Donziger had won that judgment after representing villagers in Ecuador’s Lago Agrio region who blamed water and soil contamination on Texaco, later acquired by Chevron.
Kaplan said in his decision that Donziger had secured that judgment after bribing the judge, ghostwriting a court opinion and environmental report, tampering with witnesses and extortion.
Chevron then sought to recoup money from the attorney, and Kaplan charged him with contempt in 2019 after he refused to turn over his electronic devices to the California-based company’s forensic experts to review.
The U.S. attorney in Manhattan declined to prosecute those charges, citing a lack of resources, which prompted Kaplan to appoint private lawyers.
993 DAYS OF HOUSE ARREST
U.S. District Judge Loretta Preska found Donziger guilty on six misdemeanor contempt charges in July 2021, and sentenced the attorney to six months in prison.
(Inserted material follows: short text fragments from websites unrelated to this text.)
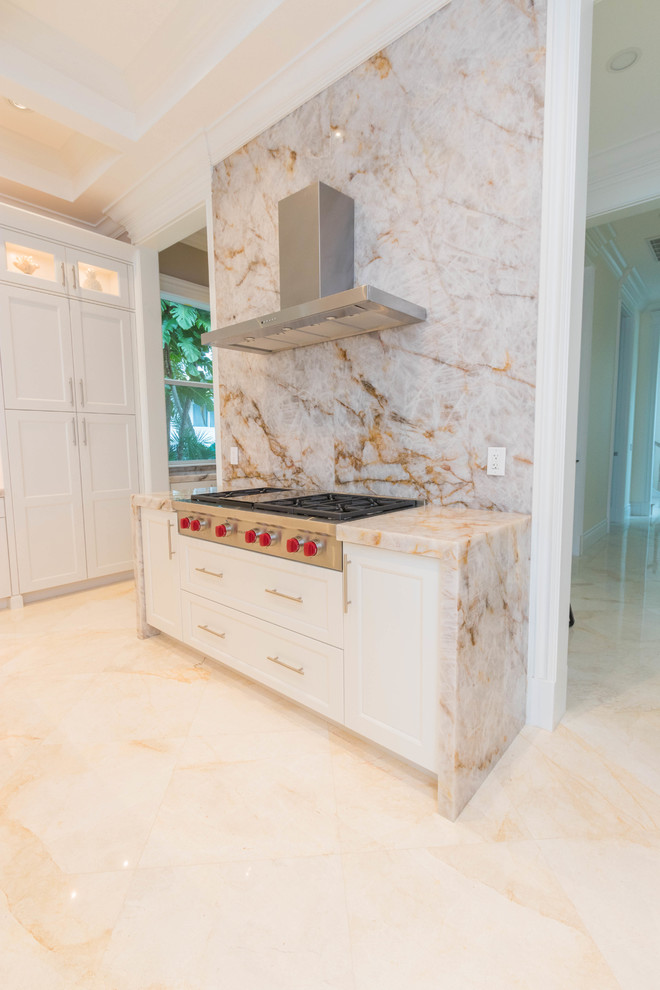 Huge transitional u-shaped marble floor and white floor open concept kitchen photo with an undermount sink, flat-panel cabinets, white cabinets, quartzite countertops, white backsplash, stone slab backsplash and two islands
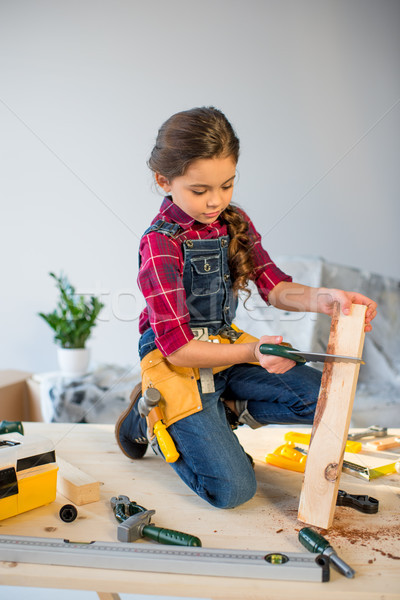 Little girl in workshop Stock photo © LightFieldStudios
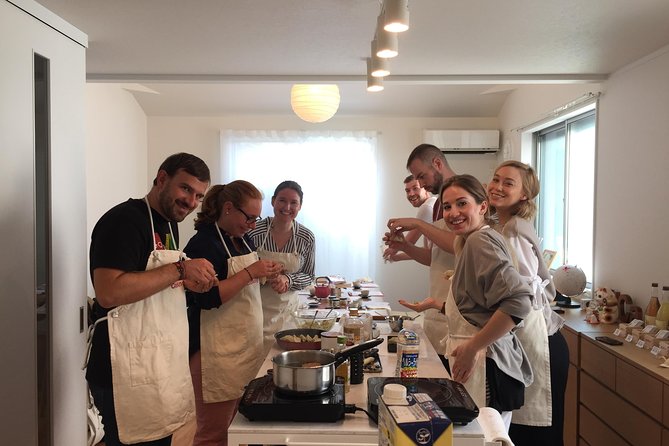 Ramen & Gyoza Cooking Class in Tokyo with Local Supermarket Visit - Folding gyoza while the ramen cooks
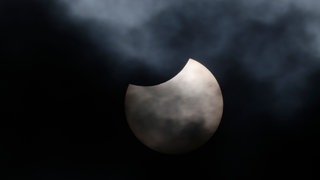 Der Mond verdeckt Teile der Sonne. Eine partielle Sonnenfinsternis ist zu sehen.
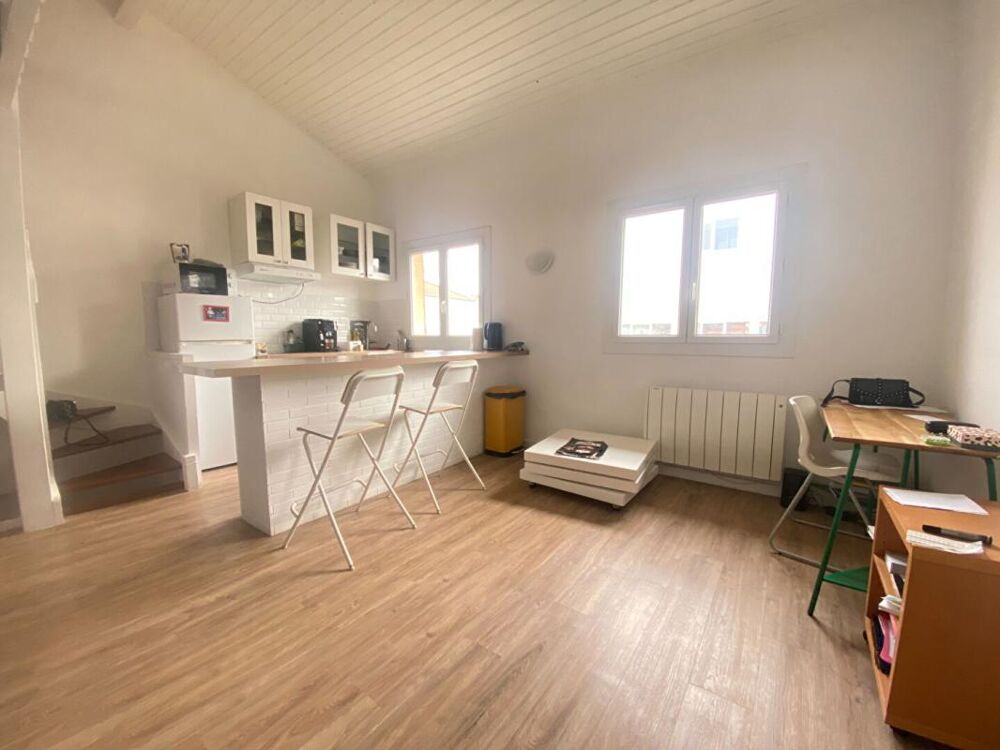 Maison divisée en deux appartements avec jardinet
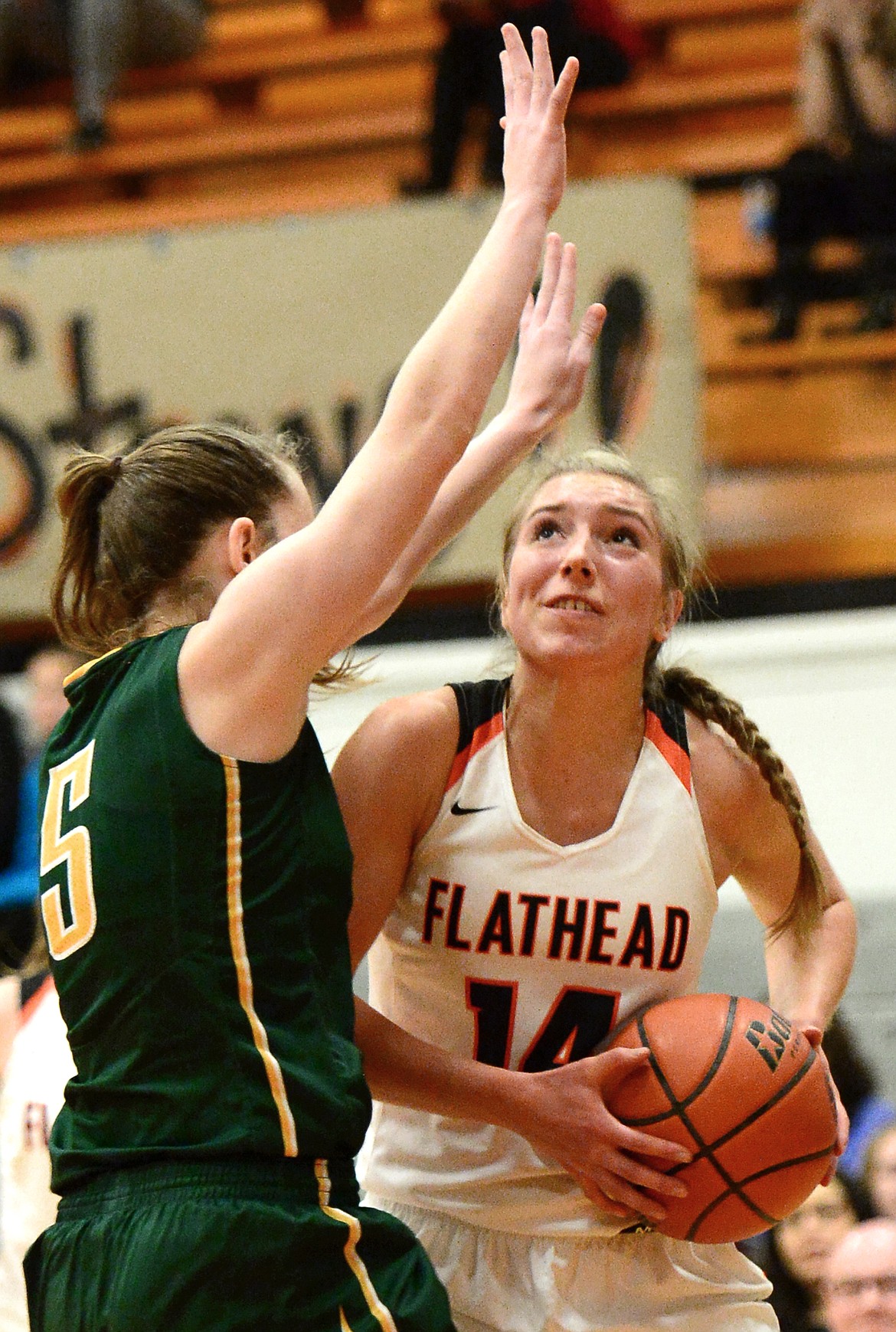 Flathead's Mary Heaton looks for a shot against C.M. Russell defender Kylie Allen. (Casey Kreider/Daily Inter Lake)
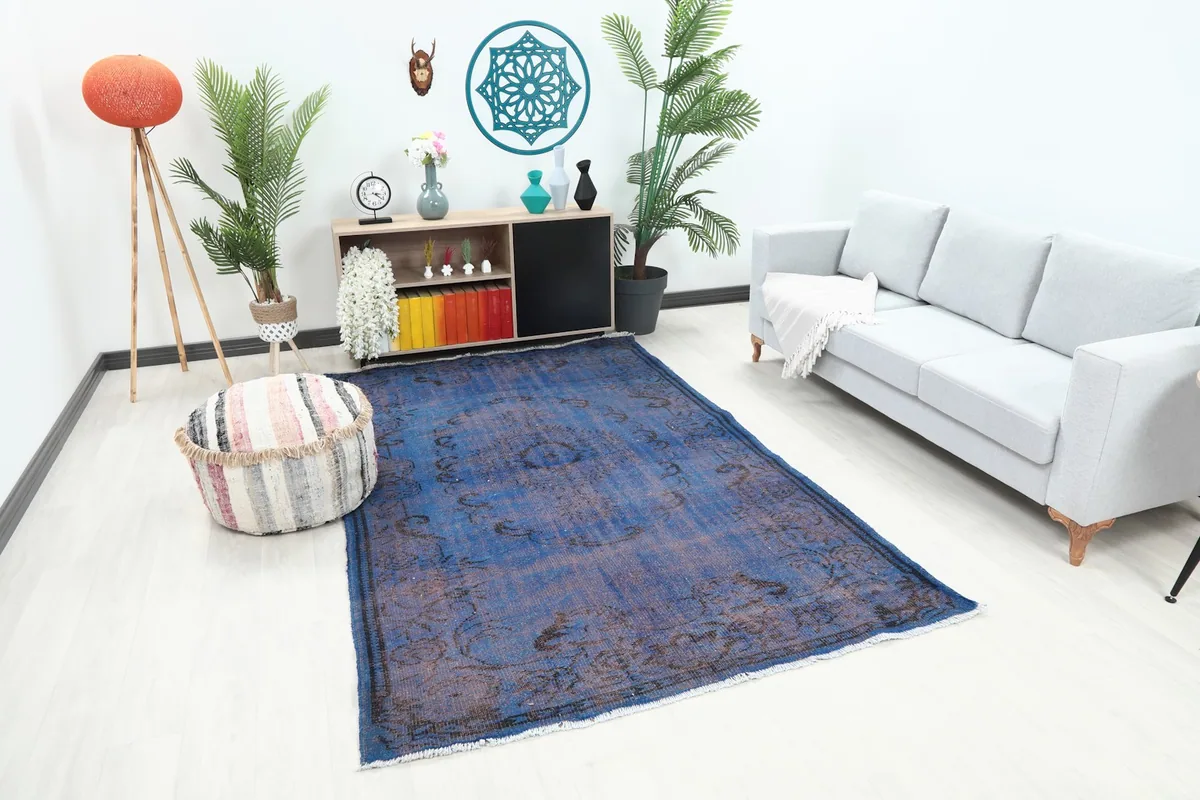 Angle view of the blue distressed rug in a contemporary room, showing its size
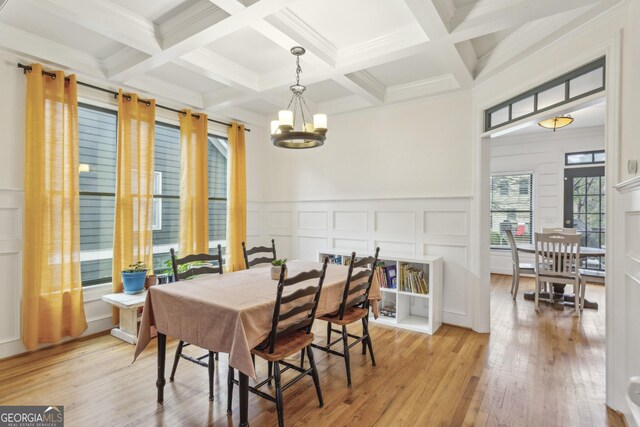 living room featuring hardwood / wood-style floors, ceiling fan with notable chandelier, and crown molding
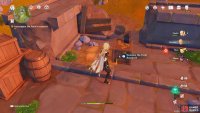 Climb up the ruined structure to find the Fatui Research laying on top of a crate.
Donziger was released in April after a combined 993 days of house arrest and 45 days in prison – a detainment that was decried by human rights campaigners, the Congressional Progressive Caucus and the United Nations High Commissioner for Human Rights.
A federal appeals court upheld the conviction in June in a split decision, with Circuit Judge Michael Park writing for the majority that the lower court had the authority to appoint prosecutors, who are then subject to supervision by the U.S. attorney general.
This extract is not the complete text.